| Instructions to follow |
Filter the entries below, keeping every line that has the word "with".

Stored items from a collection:
--- START ---

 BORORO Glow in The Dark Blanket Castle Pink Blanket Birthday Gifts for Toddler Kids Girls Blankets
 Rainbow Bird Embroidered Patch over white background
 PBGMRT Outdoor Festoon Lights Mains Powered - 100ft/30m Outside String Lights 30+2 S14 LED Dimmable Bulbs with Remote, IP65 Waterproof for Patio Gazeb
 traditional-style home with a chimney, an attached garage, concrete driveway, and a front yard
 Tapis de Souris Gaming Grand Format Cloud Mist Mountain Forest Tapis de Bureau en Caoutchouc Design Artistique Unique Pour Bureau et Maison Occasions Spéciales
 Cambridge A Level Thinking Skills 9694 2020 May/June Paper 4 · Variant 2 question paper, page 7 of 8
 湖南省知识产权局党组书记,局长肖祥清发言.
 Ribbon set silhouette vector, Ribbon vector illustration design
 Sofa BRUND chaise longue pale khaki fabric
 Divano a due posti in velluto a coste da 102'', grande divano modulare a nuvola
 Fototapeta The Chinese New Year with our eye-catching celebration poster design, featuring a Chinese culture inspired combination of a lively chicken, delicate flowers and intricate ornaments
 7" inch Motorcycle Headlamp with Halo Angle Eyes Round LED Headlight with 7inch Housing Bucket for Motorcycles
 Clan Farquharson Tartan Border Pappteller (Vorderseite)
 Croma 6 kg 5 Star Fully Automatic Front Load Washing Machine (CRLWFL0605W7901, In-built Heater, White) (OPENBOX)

--- END ---

| Result |
 PBGMRT Outdoor Festoon Lights Mains Powered - 100ft/30m Outside String Lights 30+2 S14 LED Dimmable Bulbs with Remote, IP65 Waterproof for Patio Gazeb
 traditional-style home with a chimney, an attached garage, concrete driveway, and a front yard
 Fototapeta The Chinese New Year with our eye-catching celebration poster design, featuring a Chinese culture inspired combination of a lively chicken, delicate flowers and intricate ornaments
 7" inch Motorcycle Headlamp with Halo Angle Eyes Round LED Headlight with 7inch Housing Bucket for Motorcycles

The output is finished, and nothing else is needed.